* **WHAT THE TASK ASKS**
All the entries, exactly as they read, must be written out again.

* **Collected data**
○ ○ ○ ○
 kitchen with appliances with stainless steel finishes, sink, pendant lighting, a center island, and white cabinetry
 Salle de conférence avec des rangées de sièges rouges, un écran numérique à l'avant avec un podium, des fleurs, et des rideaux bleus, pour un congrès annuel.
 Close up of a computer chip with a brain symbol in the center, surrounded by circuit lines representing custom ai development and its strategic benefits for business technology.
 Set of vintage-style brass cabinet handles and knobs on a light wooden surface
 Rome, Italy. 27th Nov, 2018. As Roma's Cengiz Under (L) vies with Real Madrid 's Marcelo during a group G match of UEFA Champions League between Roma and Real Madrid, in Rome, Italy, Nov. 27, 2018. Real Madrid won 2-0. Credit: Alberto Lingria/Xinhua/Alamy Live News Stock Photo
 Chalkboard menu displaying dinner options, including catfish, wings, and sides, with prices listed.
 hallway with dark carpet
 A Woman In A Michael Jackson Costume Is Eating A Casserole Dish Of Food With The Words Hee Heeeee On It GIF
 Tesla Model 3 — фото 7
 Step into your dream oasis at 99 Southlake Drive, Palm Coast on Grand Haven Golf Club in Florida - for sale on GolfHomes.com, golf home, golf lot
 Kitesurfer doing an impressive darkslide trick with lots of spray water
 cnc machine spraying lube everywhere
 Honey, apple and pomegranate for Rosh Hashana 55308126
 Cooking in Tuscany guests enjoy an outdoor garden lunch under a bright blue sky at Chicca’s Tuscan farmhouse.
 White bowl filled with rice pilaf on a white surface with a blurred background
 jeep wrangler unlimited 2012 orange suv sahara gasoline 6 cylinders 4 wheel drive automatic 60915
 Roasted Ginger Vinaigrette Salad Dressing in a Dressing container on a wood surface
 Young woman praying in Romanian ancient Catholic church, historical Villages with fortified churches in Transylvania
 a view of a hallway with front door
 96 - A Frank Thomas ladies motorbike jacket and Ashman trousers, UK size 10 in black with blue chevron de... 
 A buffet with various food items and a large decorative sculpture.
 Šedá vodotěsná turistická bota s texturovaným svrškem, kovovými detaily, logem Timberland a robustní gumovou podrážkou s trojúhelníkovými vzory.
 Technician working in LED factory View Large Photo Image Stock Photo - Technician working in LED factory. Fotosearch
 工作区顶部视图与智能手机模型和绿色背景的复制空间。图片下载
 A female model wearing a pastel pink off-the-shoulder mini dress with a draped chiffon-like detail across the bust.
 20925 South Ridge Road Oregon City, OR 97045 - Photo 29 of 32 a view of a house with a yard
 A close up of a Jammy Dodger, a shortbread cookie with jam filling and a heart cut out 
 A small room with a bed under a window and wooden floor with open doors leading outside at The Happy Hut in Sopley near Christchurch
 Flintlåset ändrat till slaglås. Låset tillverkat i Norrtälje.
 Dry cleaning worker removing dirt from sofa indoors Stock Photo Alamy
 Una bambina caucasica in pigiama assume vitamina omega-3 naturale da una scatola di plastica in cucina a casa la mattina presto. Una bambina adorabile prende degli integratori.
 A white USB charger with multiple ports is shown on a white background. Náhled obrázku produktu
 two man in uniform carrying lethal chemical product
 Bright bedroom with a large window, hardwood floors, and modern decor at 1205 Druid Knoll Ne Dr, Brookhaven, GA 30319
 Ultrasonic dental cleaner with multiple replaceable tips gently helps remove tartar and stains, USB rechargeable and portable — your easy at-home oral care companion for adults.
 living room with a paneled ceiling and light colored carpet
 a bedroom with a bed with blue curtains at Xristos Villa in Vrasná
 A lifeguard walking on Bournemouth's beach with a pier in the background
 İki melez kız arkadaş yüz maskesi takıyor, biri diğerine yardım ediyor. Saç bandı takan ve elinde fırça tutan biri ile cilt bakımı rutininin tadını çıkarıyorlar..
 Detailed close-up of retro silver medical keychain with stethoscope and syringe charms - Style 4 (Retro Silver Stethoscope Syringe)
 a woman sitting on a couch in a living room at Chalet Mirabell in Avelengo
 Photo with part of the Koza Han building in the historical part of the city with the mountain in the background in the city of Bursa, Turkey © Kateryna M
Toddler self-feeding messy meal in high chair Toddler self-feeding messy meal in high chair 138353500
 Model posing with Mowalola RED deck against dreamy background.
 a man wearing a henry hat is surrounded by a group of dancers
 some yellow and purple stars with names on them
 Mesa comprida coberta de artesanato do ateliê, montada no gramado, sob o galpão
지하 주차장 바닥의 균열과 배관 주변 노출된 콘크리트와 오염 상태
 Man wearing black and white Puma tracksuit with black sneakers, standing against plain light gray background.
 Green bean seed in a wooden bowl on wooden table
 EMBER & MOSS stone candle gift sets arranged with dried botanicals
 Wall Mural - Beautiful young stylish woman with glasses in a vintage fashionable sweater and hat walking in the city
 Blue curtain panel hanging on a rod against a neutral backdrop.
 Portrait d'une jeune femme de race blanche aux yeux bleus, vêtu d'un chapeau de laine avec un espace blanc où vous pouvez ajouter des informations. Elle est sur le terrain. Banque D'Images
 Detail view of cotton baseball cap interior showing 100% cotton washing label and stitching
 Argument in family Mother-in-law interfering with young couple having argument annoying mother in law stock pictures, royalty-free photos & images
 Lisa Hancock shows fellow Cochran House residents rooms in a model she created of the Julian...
○ ○ ○ ○
* **YOUR SOLUTION**
 kitchen with appliances with stainless steel finishes, sink, pendant lighting, a center island, and white cabinetry
 Salle de conférence avec des rangées de sièges rouges, un écran numérique à l'avant avec un podium, des fleurs, et des rideaux bleus, pour un congrès annuel.
 Close up of a computer chip with a brain symbol in the center, surrounded by circuit lines representing custom ai development and its strategic benefits for business technology.
 Set of vintage-style brass cabinet handles and knobs on a light wooden surface
 Rome, Italy. 27th Nov, 2018. As Roma's Cengiz Under (L) vies with Real Madrid 's Marcelo during a group G match of UEFA Champions League between Roma and Real Madrid, in Rome, Italy, Nov. 27, 2018. Real Madrid won 2-0. Credit: Alberto Lingria/Xinhua/Alamy Live News Stock Photo
 Chalkboard menu displaying dinner options, including catfish, wings, and sides, with prices listed.
 hallway with dark carpet
 A Woman In A Michael Jackson Costume Is Eating A Casserole Dish Of Food With The Words Hee Heeeee On It GIF
 Tesla Model 3 — фото 7
 Step into your dream oasis at 99 Southlake Drive, Palm Coast on Grand Haven Golf Club in Florida - for sale on GolfHomes.com, golf home, golf lot
 Kitesurfer doing an impressive darkslide trick with lots of spray water
 cnc machine spraying lube everywhere
 Honey, apple and pomegranate for Rosh Hashana 55308126
 Cooking in Tuscany guests enjoy an outdoor garden lunch under a bright blue sky at Chicca’s Tuscan farmhouse.
 White bowl filled with rice pilaf on a white surface with a blurred background
 jeep wrangler unlimited 2012 orange suv sahara gasoline 6 cylinders 4 wheel drive automatic 60915
 Roasted Ginger Vinaigrette Salad Dressing in a Dressing container on a wood surface
 Young woman praying in Romanian ancient Catholic church, historical Villages with fortified churches in Transylvania
 a view of a hallway with front door
 96 - A Frank Thomas ladies motorbike jacket and Ashman trousers, UK size 10 in black with blue chevron de... 
 A buffet with various food items and a large decorative sculpture.
 Šedá vodotěsná turistická bota s texturovaným svrškem, kovovými detaily, logem Timberland a robustní gumovou podrážkou s trojúhelníkovými vzory.
 Technician working in LED factory View Large Photo Image Stock Photo - Technician working in LED factory. Fotosearch
 工作区顶部视图与智能手机模型和绿色背景的复制空间。图片下载
 A female model wearing a pastel pink off-the-shoulder mini dress with a draped chiffon-like detail across the bust.
 20925 South Ridge Road Oregon City, OR 97045 - Photo 29 of 32 a view of a house with a yard
 A close up of a Jammy Dodger, a shortbread cookie with jam filling and a heart cut out 
 A small room with a bed under a window and wooden floor with open doors leading outside at The Happy Hut in Sopley near Christchurch
 Flintlåset ändrat till slaglås. Låset tillverkat i Norrtälje.
 Dry cleaning worker removing dirt from sofa indoors Stock Photo Alamy
 Una bambina caucasica in pigiama assume vitamina omega-3 naturale da una scatola di plastica in cucina a casa la mattina presto. Una bambina adorabile prende degli integratori.
 A white USB charger with multiple ports is shown on a white background. Náhled obrázku produktu
 two man in uniform carrying lethal chemical product
 Bright bedroom with a large window, hardwood floors, and modern decor at 1205 Druid Knoll Ne Dr, Brookhaven, GA 30319
 Ultrasonic dental cleaner with multiple replaceable tips gently helps remove tartar and stains, USB rechargeable and portable — your easy at-home oral care companion for adults.
 living room with a paneled ceiling and light colored carpet
 a bedroom with a bed with blue curtains at Xristos Villa in Vrasná
 A lifeguard walking on Bournemouth's beach with a pier in the background
 İki melez kız arkadaş yüz maskesi takıyor, biri diğerine yardım ediyor. Saç bandı takan ve elinde fırça tutan biri ile cilt bakımı rutininin tadını çıkarıyorlar..
 Detailed close-up of retro silver medical keychain with stethoscope and syringe charms - Style 4 (Retro Silver Stethoscope Syringe)
 a woman sitting on a couch in a living room at Chalet Mirabell in Avelengo
 Photo with part of the Koza Han building in the historical part of the city with the mountain in the background in the city of Bursa, Turkey © Kateryna M
Toddler self-feeding messy meal in high chair Toddler self-feeding messy meal in high chair 138353500
 Model posing with Mowalola RED deck against dreamy background.
 a man wearing a henry hat is surrounded by a group of dancers
 some yellow and purple stars with names on them
 Mesa comprida coberta de artesanato do ateliê, montada no gramado, sob o galpão
지하 주차장 바닥의 균열과 배관 주변 노출된 콘크리트와 오염 상태
 Man wearing black and white Puma tracksuit with black sneakers, standing against plain light gray background.
 Green bean seed in a wooden bowl on wooden table
 EMBER & MOSS stone candle gift sets arranged with dried botanicals
 Wall Mural - Beautiful young stylish woman with glasses in a vintage fashionable sweater and hat walking in the city
 Blue curtain panel hanging on a rod against a neutral backdrop.
 Portrait d'une jeune femme de race blanche aux yeux bleus, vêtu d'un chapeau de laine avec un espace blanc où vous pouvez ajouter des informations. Elle est sur le terrain. Banque D'Images
 Detail view of cotton baseball cap interior showing 100% cotton washing label and stitching
 Argument in family Mother-in-law interfering with young couple having argument annoying mother in law stock pictures, royalty-free photos & images
 Lisa Hancock shows fellow Cochran House residents rooms in a model she created of the Julian...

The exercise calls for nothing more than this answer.